**** INFORMATION SUPPLIED
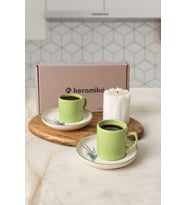Keramika Elegant Blossoms Yeşil Kahve Takımı 4 Parça 2 Kişilik 21788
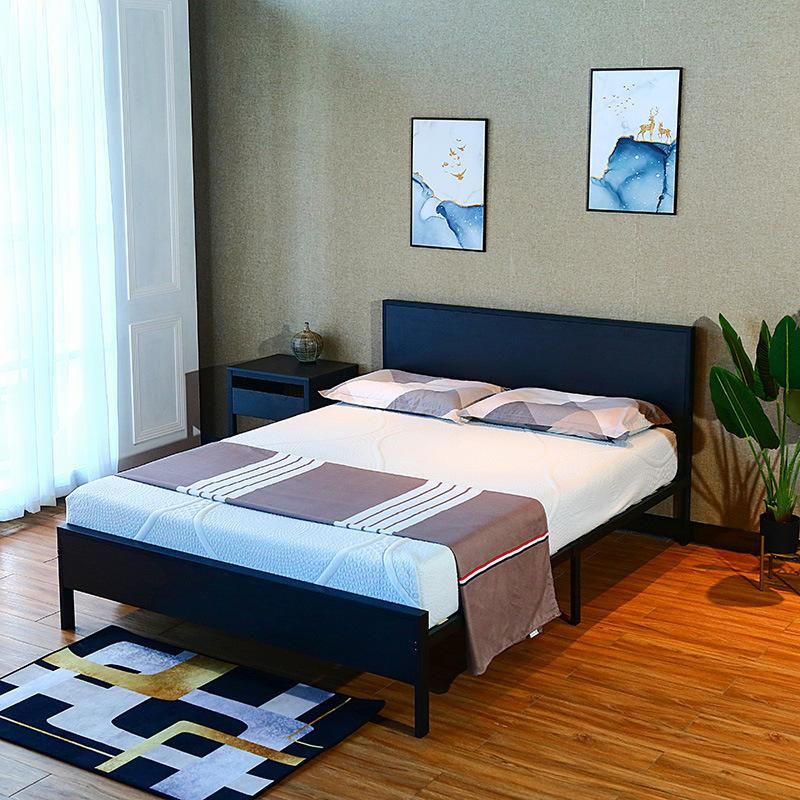 Modern Black Steel Iron Queen Size Hotel King Platform Metal Bed Frame Double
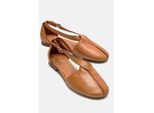 Fable Leder Ballerina mit Seitlichem Ausschnitt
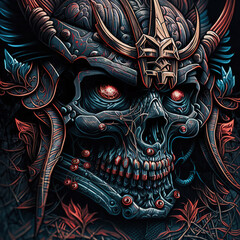 a close up of a person wearing a samurai mask, death, art illustration 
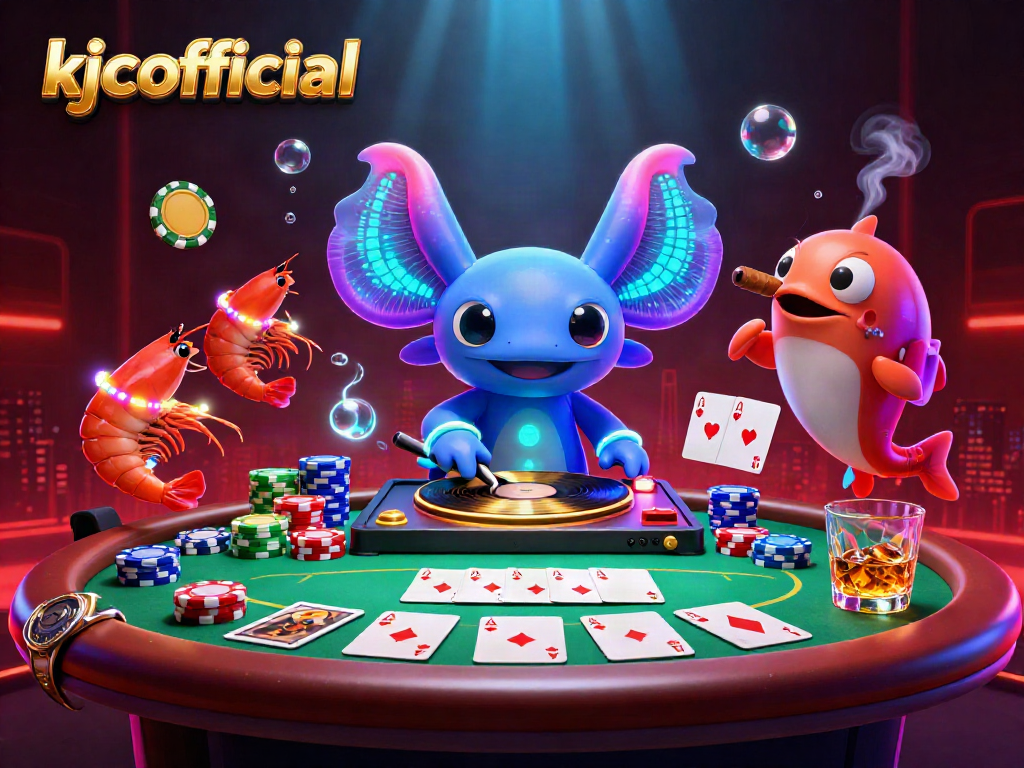 kjcofficial showcases a vibrant axolotl DJ spinning poker-themed elements in a captivating underwater scene.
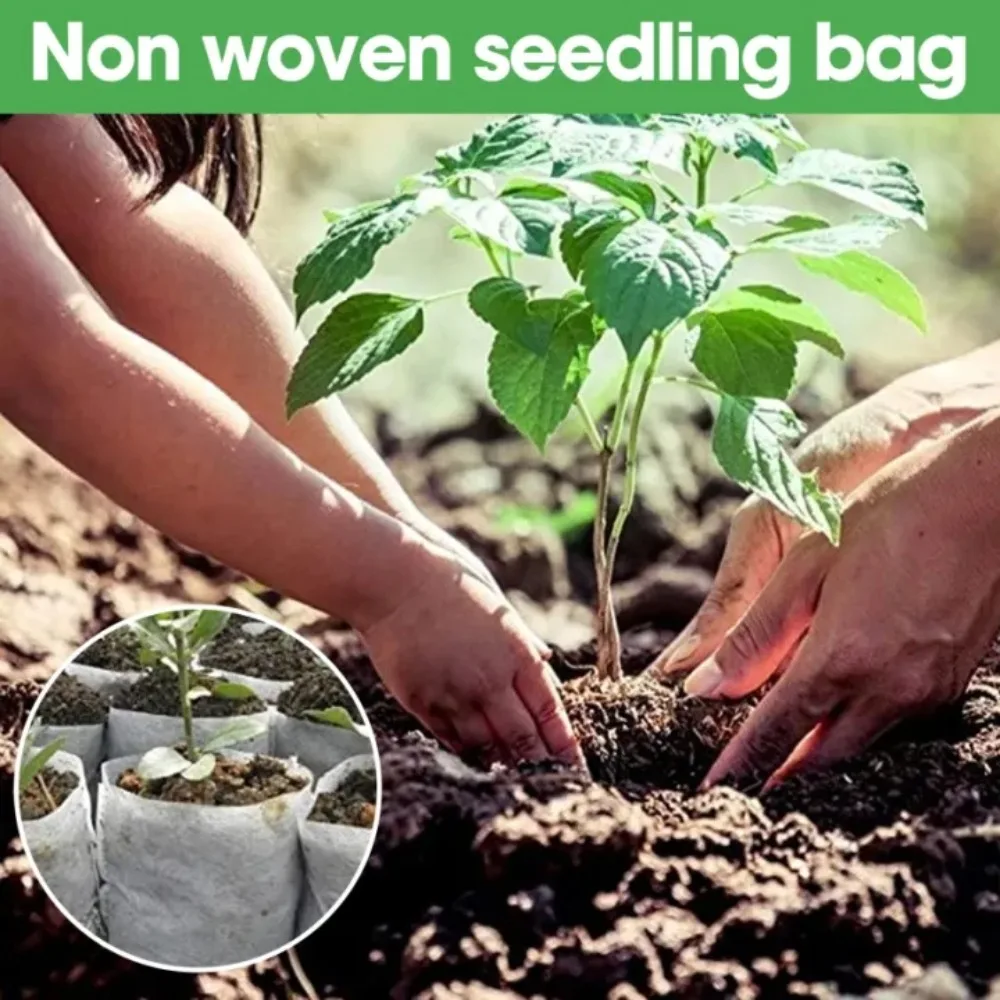 500/100pc Biodegradable Nursery Bag Non-Woven Plant Nursery Bag for Vegetable Transplant Flower Seed Breeding Home Garden Supply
********
◆ **ACTIVITY**:
Please return the lines from the line with "kjcofficial showcases a" through the last line of the data, both included, exactly, and without pictures.

◆ **EXPECTED OUTPUT**:
 kjcofficial showcases a vibrant axolotl DJ spinning poker-themed elements in a captivating underwater scene.
 500/100pc Biodegradable Nursery Bag Non-Woven Plant Nursery Bag for Vegetable Transplant Flower Seed Breeding Home Garden Supply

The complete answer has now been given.